Add page fault statistics.
BUG=chromium-os:20624
TEST=observe that Platform.PageFaultXXX appear in about:histograms.
Change-Id: Ifc281d31e05102dc4133d133f732b737e19891f1
Reviewed-on: http://gerrit.chromium.org/gerrit/10143
Commit-Ready: Luigi Semenzato <semenzato@chromium.org>
Tested-by: Luigi Semenzato <semenzato@chromium.org>
Reviewed-by: Darin Petkov <petkov@chromium.org>
diff --git a/metrics/metrics_daemon.cc b/metrics/metrics_daemon.cc
index 7ce2858..1684f81 100644
--- a/metrics/metrics_daemon.cc
+++ b/metrics/metrics_daemon.cc
@@ -105,8 +105,8 @@
const char MetricsDaemon::kMetricWriteSectorsShortName[] =
"Platform.WriteSectorsShort";
-const int MetricsDaemon::kMetricDiskStatsShortInterval = 1; // seconds
-const int MetricsDaemon::kMetricDiskStatsLongInterval = 30; // seconds
+const int MetricsDaemon::kMetricStatsShortInterval = 1; // seconds
+const int MetricsDaemon::kMetricStatsLongInterval = 30; // seconds
const int MetricsDaemon::kMetricMeminfoInterval = 30; // seconds
@@ -114,6 +114,17 @@
// sectors.
const int MetricsDaemon::kMetricSectorsIOMax = 500000; // sectors/second
const int MetricsDaemon::kMetricSectorsBuckets = 50; // buckets
+// Page size is 4k, sector size is 0.5k. We're not interested in page fault
+// rates that the disk cannot sustain.
+const int MetricsDaemon::kMetricPageFaultsMax = kMetricSectorsIOMax / 8;
+const int MetricsDaemon::kMetricPageFaultsBuckets = 50;
+
+// Major page faults, i.e. the ones that require data to be read from disk.
+
+const char MetricsDaemon::kMetricPageFaultsLongName[] =
+ "Platform.PageFaultsLong";
+const char MetricsDaemon::kMetricPageFaultsShortName[] =
+ "Platform.PageFaultsShort";
// persistent metrics path
const char MetricsDaemon::kMetricsPath[] = "/var/log/metrics";
@@ -171,8 +182,9 @@
memuse_interval_index_(0),
read_sectors_(0),
write_sectors_(0),
- diskstats_state_(kDiskStatsShort),
- diskstats_initial_time_(0) {}
+ page_faults_(0),
+ stats_state_(kStatsShort),
+ stats_initial_time_(0) {}
MetricsDaemon::~MetricsDaemon() {
DeleteFrequencyCounters();
@@ -251,7 +263,8 @@
}
void MetricsDaemon::Init(bool testing, MetricsLibraryInterface* metrics_lib,
- const string& diskstats_path) {
+ const string& diskstats_path,
+ const string& vmstats_path) {
testing_ = testing;
DCHECK(metrics_lib != NULL);
metrics_lib_ = metrics_lib;
@@ -279,11 +292,9 @@
ConfigureCrashFrequencyReporter(kMetricUserCrashesDailyName);
ConfigureCrashFrequencyReporter(kMetricUserCrashesWeeklyName);
- // Don't attempt to collect disk stats if there is no disk stats file.

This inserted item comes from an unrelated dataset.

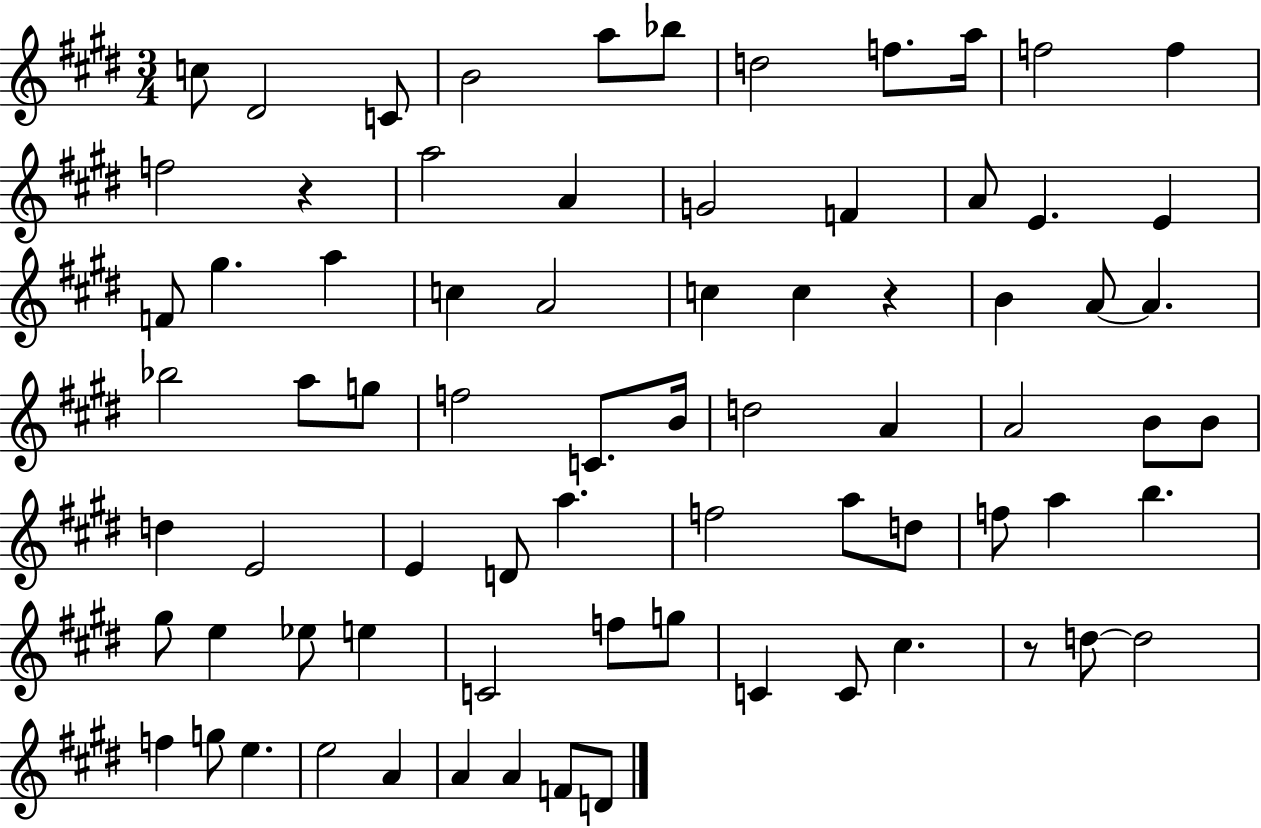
C5/e D#4/h C4/e B4/h A5/e Bb5/e D5/h F5/e. A5/s F5/h F5/q F5/h R/q A5/h A4/q G4/h F4/q A4/e E4/q. E4/q F4/e G#5/q. A5/q C5/q A4/h C5/q C5/q R/q B4/q A4/e A4/q. Bb5/h A5/e G5/e F5/h C4/e. B4/s D5/h A4/q A4/h B4/e B4/e D5/q E4/h E4/q D4/e A5/q. F5/h A5/e D5/e F5/e A5/q B5/q. G#5/e E5/q Eb5/e E5/q C4/h F5/e G5/e C4/q C4/e C#5/q. R/e D5/e D5/h F5/q G5/e E5/q. E5/h A4/q A4/q A4/q F4/e D4/e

- if (!diskstats_path.empty()) {
- diskstats_path_ = diskstats_path;
- DiskStatsReporterInit();
- }
+ diskstats_path_ = diskstats_path;
+ vmstats_path_ = vmstats_path;
+ StatsReporterInit();
// Start collecting meminfo stats.
ScheduleMeminfoCallback(kMetricMeminfoInterval);
@@ -564,112 +575,198 @@
usemon_interval_ = 0;
}
-void MetricsDaemon::DiskStatsReporterInit() {
+void MetricsDaemon::StatsReporterInit() {
DiskStatsReadStats(&read_sectors_, &write_sectors_);
+ VmStatsReadStats(&page_faults_);
// The first time around just run the long stat, so we don't delay boot.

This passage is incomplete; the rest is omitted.